EMPHYSEMA ASSOCIATED WITH ALPHA-1 ANTITRYPSIN DEFICIENCY

Emphysema related to alpha-1 antitrypsin deficiency shows a distinct pattern of disease distribution. In comparison to the smoking related emphysema, alpha-1 deficient disease was classically described as predominantly affecting the basal regions of the lungs ⁵⁶. Early CT studies utilized densitometry to evaluate the longitudinal progression of emphysema in these patients. Stolk et al ⁵⁷ found changes in voxel indices related better to health status (as assessed by the St. George's Respiratory Questionnaire, SGRQ) than changes in either FEV₁ or transfer factor for carbon monoxide (DL_CO). Dowson et al ⁵⁸ found that over a 2-year period there was a significant deterioration in all measured parameters (CT density, SGRQ, and pulmonary function), but CT lung density measurements and DL_CO were most significantly related to deterioration in health status. Significant changes of emphysema on CT were also found in the upper zones; it was postulated that alpha-1 deficient disease progresses from the predominantly lower zone to involve the upper zones with increased severity of disease. By comparing disease distribution in patients with different patterns of deranged pulmonary function, Holme and Stockley ⁵⁹ found similar results, such that predominantly lower zone disease correlated with an abnormal FEV₁ while upper zone disease was associated with derangement in both DL_CO and FEV₁. In a larger cohort of 119 alpha-1 deficient patients, Parr and colleagues ⁶⁰ found just over one-third of their cohort had predominantly upper zone emphysema. After matching patients from either group for age and total emphysema volume, they also found that a basal predominance was associated with a greater impairment of FEV₁ but less impairment of gas exchange. These findings highlight the importance of evaluating emphysema distribution in addition to assessing pulmonary function for alpha-1 deficient patients. Finally, a study of 256 alpha-1 deficient patients followed up over 5 years found that a decrease in CT lung density was a better predictor of death than either FEV₁ or DL_CO. In particular, decreasing lung density in the upper zones was found to be most predictive of a poor outcome ⁶¹. In summary, emphysema severity in cases of alpha-1 antitrypsin deficiency is only really appreciated through imaging, which takes account of both the volume and distribution of disease.

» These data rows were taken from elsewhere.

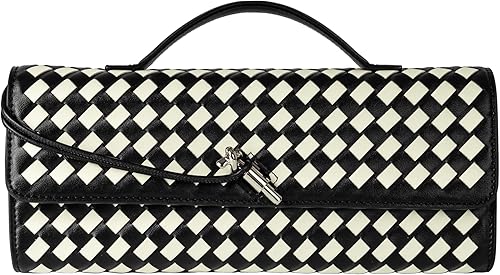 Miniatura 10 de Joryin Bolso tejido para mujer, bolso de mano de cuero tejido, bolso cruzado, bolso formal de noche, cuero vegano Cuero Tejido Negro,Cuero tejido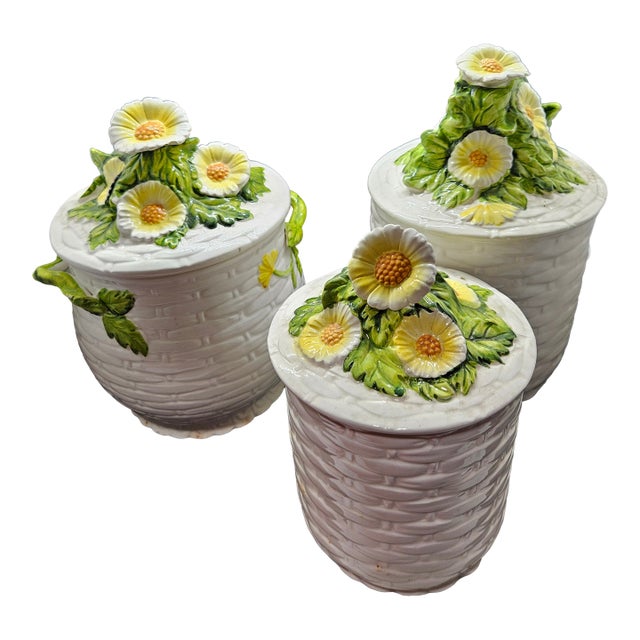 VTG Geo Z. Lefton 4115 Rustic Daisy Weave Porcelain Ceramic Canister Set - Japan For Sale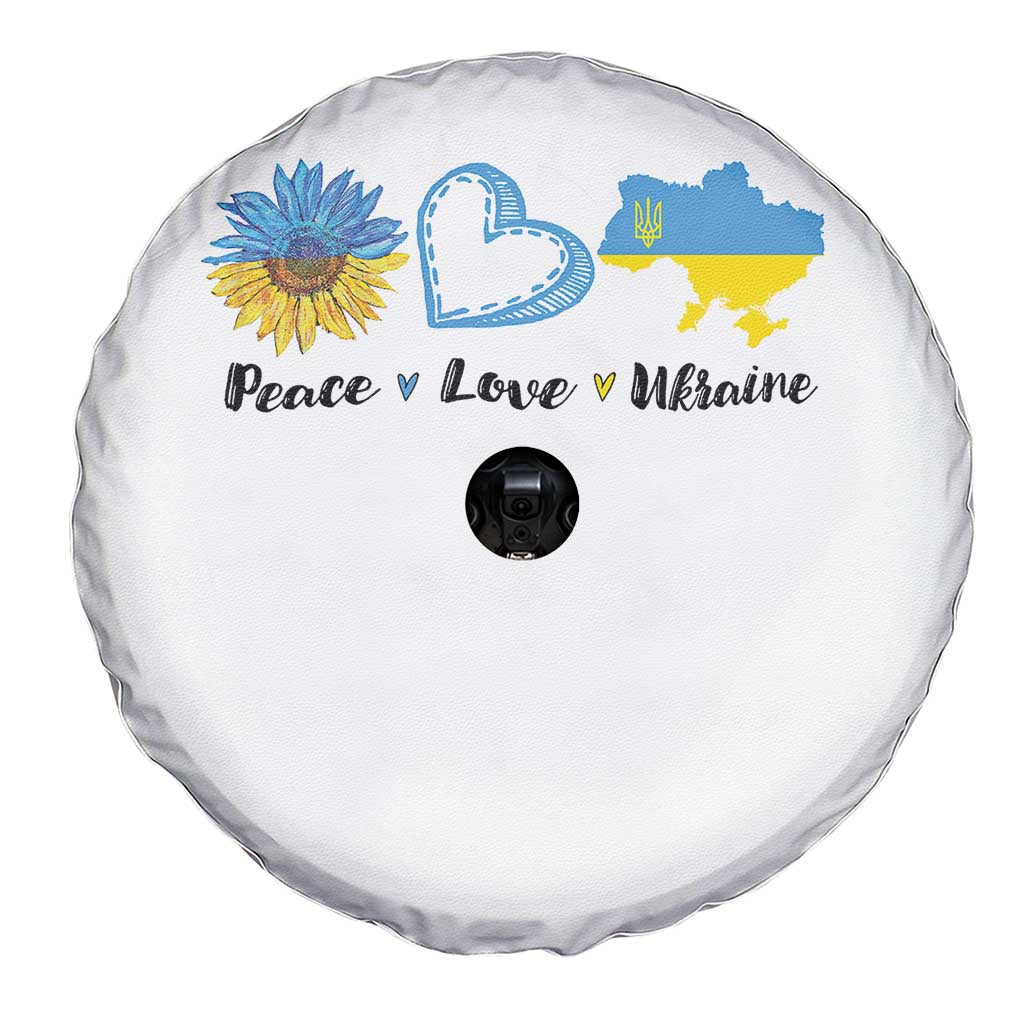 Peace Love Ukraine Sunflower Flag Spare Tire Cover TS10 Print Your Wear
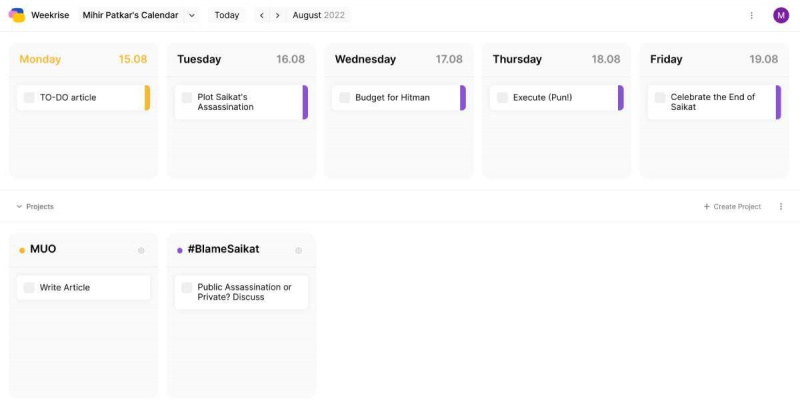  Weekrise vous permet de planifier des tâches pour toute la semaine, avec des projets à code couleur et des éléments à glisser-déposer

PREDISPOSITION TO EMPHYSEMA AND ITS DISTRIBUTION

Several recent studies have shown differences in the distribution and clinical phenotype of emphysema between men and women. Martinez et al ⁶² first reported on gender differences in emphysema with data collected from the National Emphysema Treatment Trial (NETT). In a large cohort of 1053 patients referred for assessment for LVRS, they found women had significantly less emphysema than men and that their emphysema was more likely to have a core distribution ⁶². Similar results were subsequently published by Dransfield and colleagues who also demonstrated a higher proportion of emphysema in men in their cohort of 396 patients. This finding was consistent when analysis was divided into upper, middle, and lower lung thirds ⁶³. In the current authors study, we also found a significant association between core emphysema and female sex and that females were more likely to exhibit upper zone predominance. Our findings were independent of overall emphysema severity ⁵³. Two more recent studies also concluded that women had less emphysema than men ^{64, 65}, however in their cohort of 957 patients, Sverzellati et al ⁶⁵ did not find increased disease predominance in the core of the lung. Such differences in disease distribution in men and women have been related to behavioral patterns in smokers, where men are thought more likely to deeply inhale, and also to sex differences in susceptibility to cigarette smoke based on innate immunity. It is likely the causative factors in emphysema are multifactorial, but undoubtedly there will be some form of genetic predisposition that underlies the risk to each individual.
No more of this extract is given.